Highlights & Insights

  • The dual design of "Exposure modulates Image, Illumination modulates Gaussian" is the core insight—exposure \(t\) is global scaling in 2D, while illumination \(L_a\) is local modulation in 3D. This design, derived naturally from the physical rendering equation, is more theoretically grounded than previous engineering approaches.
  • The discovery and solution for gradient starvation have universal value—any 3DGS optimization involving non-linear mappings (like gamma correction or tone mapping) may suffer from similar gradient attenuation.
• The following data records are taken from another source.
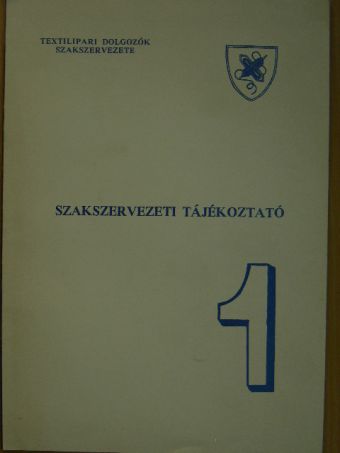 Szakszervezeti tájékoztató 1. [antikvár]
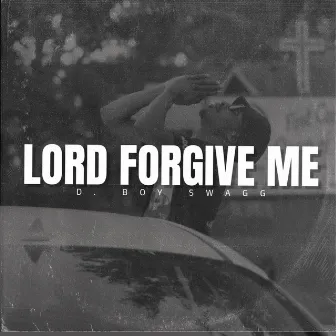 Lord Forgive Me by D.Boy Swagg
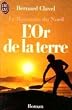 Le royaume du nord - l'or de la terre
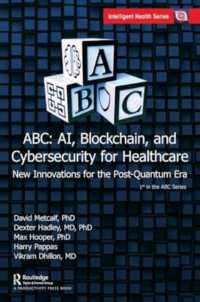 ABC - AI, Blockchain, and Cybersecurity for Healthcare : New Innovations for the Post-Quantum Era
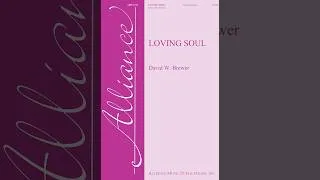 Thumbnail: Loving Soul (AMP 1211) SSA with piano - by David W. Brewer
Using illumination bias as a proxy for gradient scaling is a transferable finding.
  • Cross-branch self-supervision—forcing two different paths modeling the same physical quantity (HDR radiance) to be consistent provides explicit supervision where GT is missing.
  • Real-time efficiency—76FPS and 3274MB memory, which is 322x faster than HDR-NeRF and 1.43x faster than GaussHDR with lower memory usage.

Limitations & Future Work

  • The assumption of uniform hemispherical illumination for ambient light is less accurate for highly directional light sources (e.g., point lights/spots).
  • The decomposition of reflectance \(H_r\) and illumination \(L_a\) relies on an MLP, which may have inherent ambiguities—one observation can be explained by multiple \((H_r, L_a)\) pairs.
  • The illumination modulator \(\varphi\) is data-driven, potentially limiting generalization to illumination conditions far outside the training exposure range.
  • Evaluations were limited to static multi-exposure scenes; performance on dynamic scenes or single-exposure setups remains unknown.
  • The GI branch's individual contribution (0.09dB) is relatively small, suggesting the effect of illumination modulation might be limited by the diversity of lighting changes in the training data.
  • vs HDR-GS: HDR-GS uses SH for HDR color and an MLP for exposure-conditioned tone mapping without 3D illumination modeling. PhysHDR-GS decomposes color into reflectance/illumination and models light explicitly in 3D space.
  • vs GaussHDR: GaussHDR is engineering-driven, unifying 3D/2D tone mapping. PhysHDR-GS is physically inspired, where branches represent specific physical modulations (2D global exposure vs 3D local illumination).
  • vs NeRF-based HDR: Methods like HDR-NeRF are extremely slow in both training and inference (4189ms/frame). PhysHDR-GS inherits the efficiency of 3DGS (13ms/frame).

Rating

  • Novelty: ⭐⭐⭐⭐ The IE+GI dual-branch design derived from physical equations is theoretically elegant; the discovery of gradient starvation and the I-GS solution are valuable new contributions.
  • Experimental Thoroughness: ⭐⭐⭐⭐⭐ Three benchmarks, two exposure settings, two backbones, complete ablations, and detailed efficiency analysis.
  • Writing Quality: ⭐⭐⭐⭐ Clear derivation from physical equations to method design with intuitive diagrams.
  • Value: ⭐⭐⭐⭐ The finding of gradient starvation and I-GS has general value for the 3DGS community, though HDR-NVS is a relatively niche area.